Dans chaque livre, chaque objet et chaque image muette se cachent des réponses aux énigmes qui composent le monde. En les plaçant côte à côte et en laissant leurs relations formelles ou sémantiques provoquer la composition, Georges Adéagbo, permet à ces morceaux du monde de dialoguer, de construire une narration. Ce faisant, il installe un régime de réalité alternatif par rapport à la logique discursive héritée de l’Occident, une pratique visuelle et linguistique qui laisse la première place au monde, et non à l’artiste; à la spéculation empirique, plutôt que rationaliste. Grand conteur et grand ordonnateur, l’artiste pose des questions et laisse la réponse aux choses qu’il rencontre - la formule « l’art est dans la nature» revient comme un refrain dans plusieurs de ses installations.

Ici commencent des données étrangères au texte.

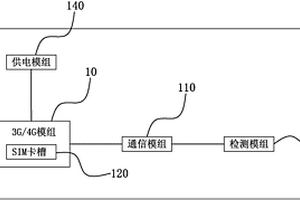基于3G/4G模组检测装置及其检测方法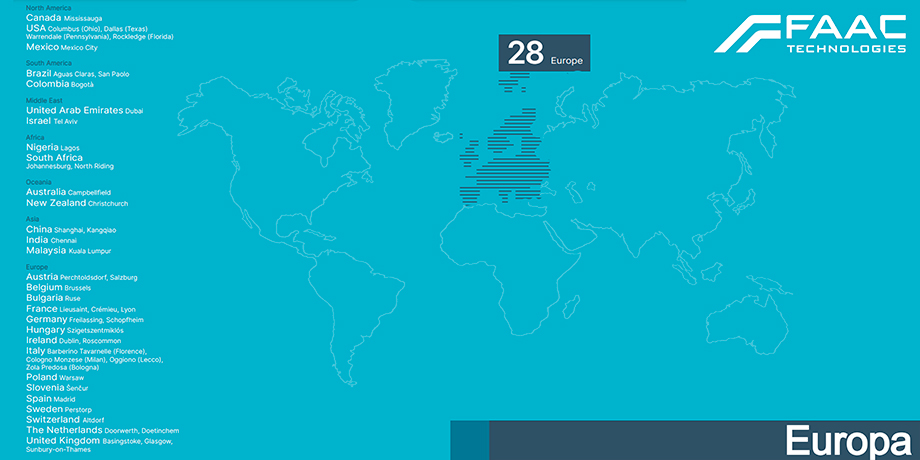 FAAC en Europa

La vie de Georges Adéagbo, marquée par la solitude et la souffrance, a été guidée naturellement vers un destin d’artiste reconnu. Autodidacte, il a gardé une grande liberté de parole dans le monde de l’art conceptuel. Il explique volontiers son travail sur l’espace, décrypte les messages que ses groupes d’objets véhiculent, nous livre avec franchise son histoire, ses rêves et ses convictions. Sa pratique de l’installation n’est pas séparée de sa vie : chaque jour, il cherche, classe et ordonne documents et objets qui nourrissent sa réflexion sur le monde. Dans son œuvre, on voit se réconcilier le familier et l’érudit, le fantastique et le fonctionnel, sans catégorisations hiérarchiques. Georges Adéagbo nous invite à prendre le temps de relire le monde avec une curiosité intacte. Les images sereines illustrant un calendrier peuvent côtoyer des sculptures du Moyen Age occidental et du Bénin actuel : comme dans la vie, le temps prend une qualité élastique et relative, les cultures se mêlent, les langages s’interpénètrent. Nous abordons des idées universelles - la religion, l’art, l’amour, la filiation, la connaissance - en explorant ce que nous avons devant nous, et en choisissant les choses qui nous apporteront des réponses. Cette disponibilité au monde est ce qui fait la grande radicalité de l’œuvre de Georges Adéagbo: contestant les systèmes logiques d’une culture occidentale dominante, déconstruisant la langue de l’ancien colonisateur, l’artiste propose un système ouvert dans lequel la pensée de chacun peut se déployer librement.